- Elissa Kido, Ed.D.
- project director
- La Sierra University
- Jerome Thayer, Ph.D.
- project statistician
- Andrews University
The CognitiveGenesis study, a project undertaken by La Sierra University and the North American Division Office of Education, set out to answer these questions:
- How well are students doing academically in the Adventist school system?
- How does academic performance in Adventist schools compare to academic performance in public schools and other private schools?
- What student, home and school factors are associated with higher academic achievement?
- What areas could be improved to provide the best possible education?
The study included 51,706 students from Adventist elementary schools and academies in the United States. Academic achievement was assessed by standardized testing using Iowa Tests of Basic Skills4 (elementary grades) and Iowa Tests of Educational Development5 (high school). Student ability was assessed with the Cognitive Abilities Test.

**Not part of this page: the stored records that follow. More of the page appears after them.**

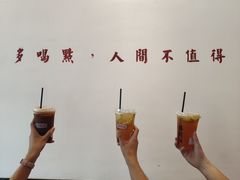暴打香柠四季春-得闲饮胜公司(智谷店)
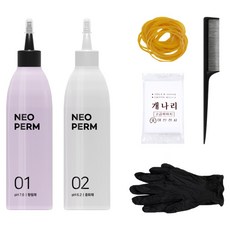 세트 마잘 순한 비건 셀프 파마약 네오펌 저자극 비건 펌제 염색모 손상모 최소화, 150ml, 1개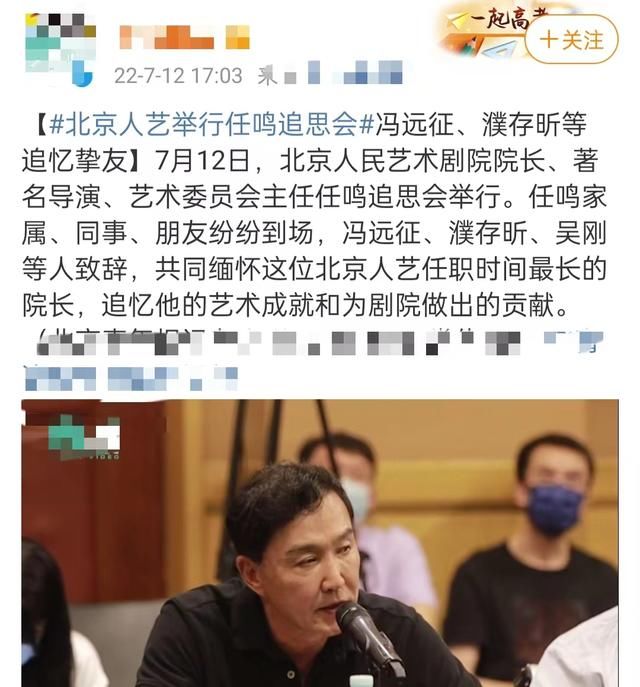 北京人艺院长任鸣追思会曝光，冯远征悲痛落泪，濮存昕吴刚致辞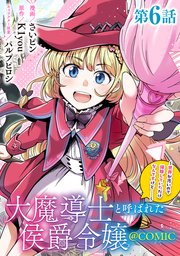 シン　大魔導士と呼ばれた侯爵令嬢〜世界が汚いので掃除していただけ 単話版】大魔導士と呼ばれた侯爵令嬢～世界が汚いので掃除して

Students, parents, teachers and administrators were also surveyed to identify factors that might influence scholastic achievement.
In the United States, every conference and almost every Adventist elementary school and academy participated.

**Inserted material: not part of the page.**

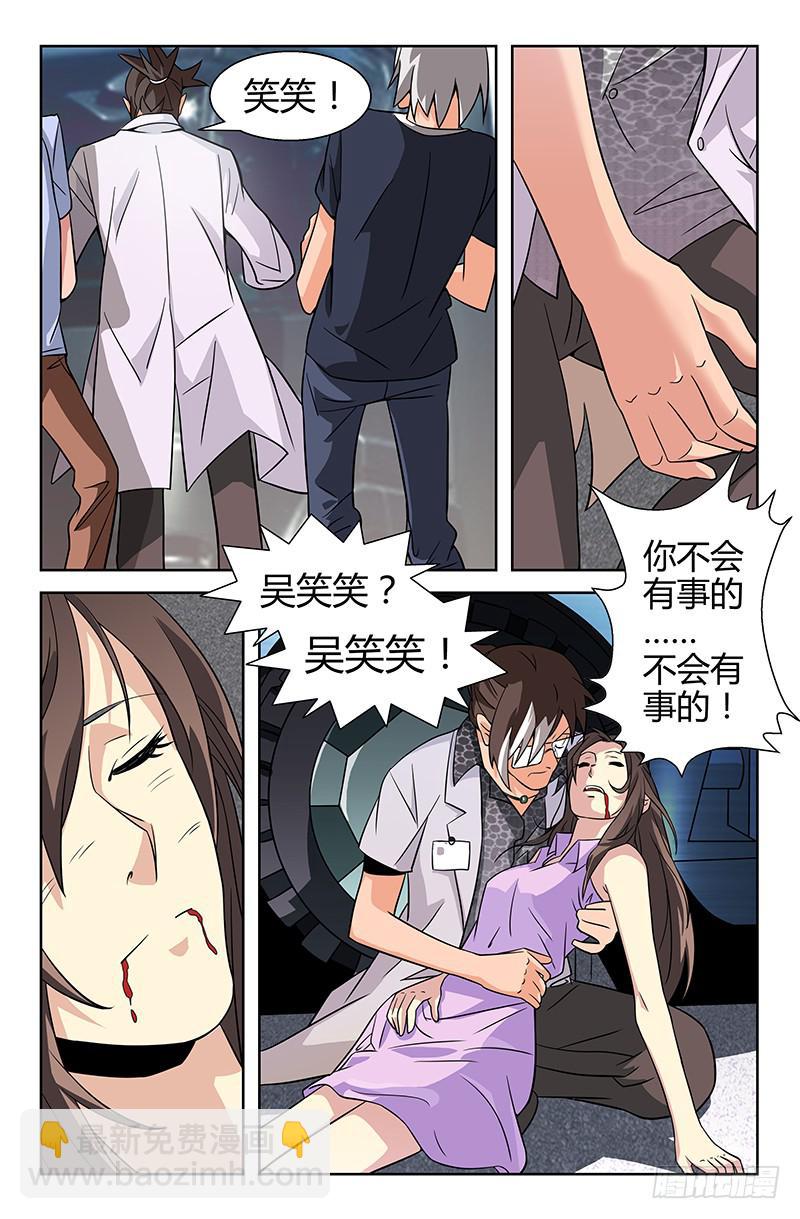 第01话 严子烈，我讨厌你！-第1话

- Students in all grades, in Adventist schools of all sizes, outperformed the national average in all subjects.
- Students in Adventist schools had higher-than-expected academic achievement based on an assessment of individual ability.
- Students who transferred to Adventist schools saw a significant improvement in their test scores. Also, the longer students stayed in the Adventist school system, the more they gained in achievement and ability.
“The longer students are in our schools, the better their achievements and abilities.”